Tax policies compound headaches for state-legal cannabis operators beyond 280E

Key Points
  • State-legal marijuana businesses are facing unfair tax disadvantages due to the 280E provision, while hemp businesses largely avoid this tax burden.
  • The hemp industry has reportedly surpassed regulated marijuana in size, with hemp-derived products being sold online without facing the same compliance costs and regulatory scrutiny.
  • Despite recent IRS signals, the seizure of cannabis inventory to satisfy tax debts post-rescheduling does not seem feasible.
  • The cash-intensive nature of the cannabis industry, limited banking access, compliance hurdles, and lack of accounting guidance continue to pose challenges for operators.

The Internal Revenue Service continues to be a thorn in the side of state-legal marijuana businesses, even as their hemp industry cousins largely dodge the taxman’s scrutiny, creating an increasingly lopsided playing field.

“Hemp is not subject to 280E, or is at least reasonably interpreted as not being subject to 280E, even if you’re selling psychoactive TCHA flower or whatever the product may be,” said Rachel Gillette, partner and head of Holland & Hart’s cannabis and psychedelics industry group.

The 1980s-era tax code provision dubbed 208E was originally aimed at illegal drug dealers and prevents businesses trafficking in federally controlled substances from taking standard business deductions. For state-licensed cannabis companies, that means substantially higher effective tax rates than mainstream businesses.

“280E is still a really huge disadvantage to anyone trying to survive,” Gillette noted. “It’s certainly very unfair the way it’s being applied.”

The disparity has grown more stark as the hemp industry has reportedly outpaced regulated marijuana in size, according to Whitney Economics. Hemp-derived products with intoxicating THC levels are freely sold online, while licensed cannabis businesses face mounting compliance costs and regulatory scrutiny.

“(If) you go online to some of these websites that are selling like THCA flower, there’s not a lot of clarity of where it’s coming from,” Gillette said. “We know that there’s tests being posted, but they’re not hiding the fact that you add heat and it’s psychoactive.”

Despite the increased scrutiny and recent IRS signals, the potential seizure of cannabis inventory to satisfy tax debts post-rescheduling don’t seem feasible, Gillette said.

“I don’t think it’s realistic that they’re going to be going after your marijuana crops and selling them anytime soon,” she noted. “Bear in mind, Schedule III does not create a legal federal marketplace for these licensed state legal cannabis businesses.”

Beyond taxes, many operators also remain stuck in a cash-heavy business model due to limited banking access.
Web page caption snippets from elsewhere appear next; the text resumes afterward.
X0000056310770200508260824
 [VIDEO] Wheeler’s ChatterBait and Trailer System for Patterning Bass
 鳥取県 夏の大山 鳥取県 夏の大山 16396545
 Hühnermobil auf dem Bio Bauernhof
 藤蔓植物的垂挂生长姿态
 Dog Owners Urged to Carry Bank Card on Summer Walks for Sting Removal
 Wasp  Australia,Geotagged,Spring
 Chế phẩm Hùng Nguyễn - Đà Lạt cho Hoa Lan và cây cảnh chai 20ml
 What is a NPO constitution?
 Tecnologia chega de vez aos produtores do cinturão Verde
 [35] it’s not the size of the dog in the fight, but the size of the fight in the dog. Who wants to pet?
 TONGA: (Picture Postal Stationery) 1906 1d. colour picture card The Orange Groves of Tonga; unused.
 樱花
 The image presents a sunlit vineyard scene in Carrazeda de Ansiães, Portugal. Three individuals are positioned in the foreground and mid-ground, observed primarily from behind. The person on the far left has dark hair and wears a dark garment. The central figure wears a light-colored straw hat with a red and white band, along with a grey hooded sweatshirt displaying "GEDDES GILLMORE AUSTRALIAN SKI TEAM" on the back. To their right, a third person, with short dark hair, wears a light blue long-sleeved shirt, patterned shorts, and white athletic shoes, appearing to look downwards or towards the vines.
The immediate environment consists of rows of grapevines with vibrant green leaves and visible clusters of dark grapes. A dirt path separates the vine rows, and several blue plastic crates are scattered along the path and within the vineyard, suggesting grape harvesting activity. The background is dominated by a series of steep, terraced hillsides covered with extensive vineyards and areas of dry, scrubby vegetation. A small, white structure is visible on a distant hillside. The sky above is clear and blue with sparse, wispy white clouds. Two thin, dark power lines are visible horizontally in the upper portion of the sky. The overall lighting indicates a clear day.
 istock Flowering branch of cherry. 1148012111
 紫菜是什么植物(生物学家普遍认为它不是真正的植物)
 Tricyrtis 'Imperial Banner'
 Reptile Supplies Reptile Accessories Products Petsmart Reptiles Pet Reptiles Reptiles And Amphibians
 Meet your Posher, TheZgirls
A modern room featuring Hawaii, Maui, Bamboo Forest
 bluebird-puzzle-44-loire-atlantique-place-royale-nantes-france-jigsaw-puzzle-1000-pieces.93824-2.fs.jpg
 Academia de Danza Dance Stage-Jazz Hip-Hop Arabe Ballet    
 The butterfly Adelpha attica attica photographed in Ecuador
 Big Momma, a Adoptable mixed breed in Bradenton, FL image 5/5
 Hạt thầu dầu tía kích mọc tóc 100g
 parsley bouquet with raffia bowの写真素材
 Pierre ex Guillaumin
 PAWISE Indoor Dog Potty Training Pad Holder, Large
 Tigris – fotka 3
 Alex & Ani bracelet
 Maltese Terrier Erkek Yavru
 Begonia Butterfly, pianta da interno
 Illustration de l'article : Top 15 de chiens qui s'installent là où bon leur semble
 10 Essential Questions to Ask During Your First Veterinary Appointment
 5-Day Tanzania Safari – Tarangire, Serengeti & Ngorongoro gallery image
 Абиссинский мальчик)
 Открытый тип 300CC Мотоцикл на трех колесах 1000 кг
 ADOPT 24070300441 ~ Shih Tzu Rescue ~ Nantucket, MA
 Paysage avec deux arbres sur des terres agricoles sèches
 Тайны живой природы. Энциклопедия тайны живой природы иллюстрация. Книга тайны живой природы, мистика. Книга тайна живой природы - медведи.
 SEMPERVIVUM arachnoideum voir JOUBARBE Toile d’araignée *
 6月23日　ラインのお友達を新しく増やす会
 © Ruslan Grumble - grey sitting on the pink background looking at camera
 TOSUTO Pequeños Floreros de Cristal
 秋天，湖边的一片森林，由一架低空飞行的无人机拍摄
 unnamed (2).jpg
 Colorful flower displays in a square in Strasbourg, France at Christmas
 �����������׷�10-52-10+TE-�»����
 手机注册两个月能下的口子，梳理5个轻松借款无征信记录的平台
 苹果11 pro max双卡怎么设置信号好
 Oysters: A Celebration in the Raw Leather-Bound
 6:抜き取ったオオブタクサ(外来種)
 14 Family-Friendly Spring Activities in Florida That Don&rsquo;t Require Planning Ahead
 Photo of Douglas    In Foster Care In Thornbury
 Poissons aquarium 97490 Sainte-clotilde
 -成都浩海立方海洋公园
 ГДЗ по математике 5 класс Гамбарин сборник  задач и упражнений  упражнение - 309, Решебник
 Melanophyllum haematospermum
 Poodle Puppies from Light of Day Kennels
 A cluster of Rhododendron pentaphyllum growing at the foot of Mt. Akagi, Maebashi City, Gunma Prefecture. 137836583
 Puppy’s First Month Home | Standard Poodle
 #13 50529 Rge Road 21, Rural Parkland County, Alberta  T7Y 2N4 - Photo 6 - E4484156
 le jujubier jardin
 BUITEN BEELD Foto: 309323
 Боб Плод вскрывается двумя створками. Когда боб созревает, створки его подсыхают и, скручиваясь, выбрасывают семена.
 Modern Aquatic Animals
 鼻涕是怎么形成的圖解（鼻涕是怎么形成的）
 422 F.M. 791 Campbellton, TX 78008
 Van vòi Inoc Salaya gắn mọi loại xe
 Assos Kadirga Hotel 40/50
“If there’s only one bank in the state that banks marijuana companies and your business is 300 miles from that, you may not be able to get an account,” Gillette said.

The cash-intensive nature of the business creates additional compliance headaches. Cannabis businesses must file IRS Form 8300 for cash payments of more than $10,000, for example. These extra hurdles can be hard to manage for many cannabis operators, according to Gillette.

In addition, the IRS’ current system for handling cash tax payments is largely dysfunctional and often fails to to meet businesses’ needs, she said.

“It doesn’t work because no matter what, either there’s not a location that’s nearby to make the cash payment, or they schedule you out a month from now, but you’re trying to pay your biweekly employment tax payments,” Gillette explained.

That disconnect extends to regulatory understanding of the industry’s banking challenges. “I don’t know how many IRS revenue officers I’ve talked to … that are just like, ‘Oh, it’s so easy for a marijuana business to get banking,'” she said.

Even basic accounting guidance remains elusive.

“You could ask 10 accountants whether an expense is allowable in COGS (cost of goods sold) under section 471, and you’ll get 10 different answers,” she explained.

While the American Institute of CPAs pushed for clearer transition guidelines around potential rescheduling, Gillette suggested that some IRS officials do actually understand the burden on compliant businesses.

“I think there’s a lot of people in the IRS that understand that 280E is kind of unfair,” she said. But, “they’ve got a job to do, and I’ve got a job to do.”

Gillette believes the AICPA’s recent recommendations for 280E transition rules, such as only applying it for part of the year if descheduling occurs midyear, are a step in the right direction.

“The industry has wanted guidance for a very long time, and the IRS has failed to give it,” Gillette said. “There’s a lot of things that, you know, I think the industry and the IRS could help each other with.”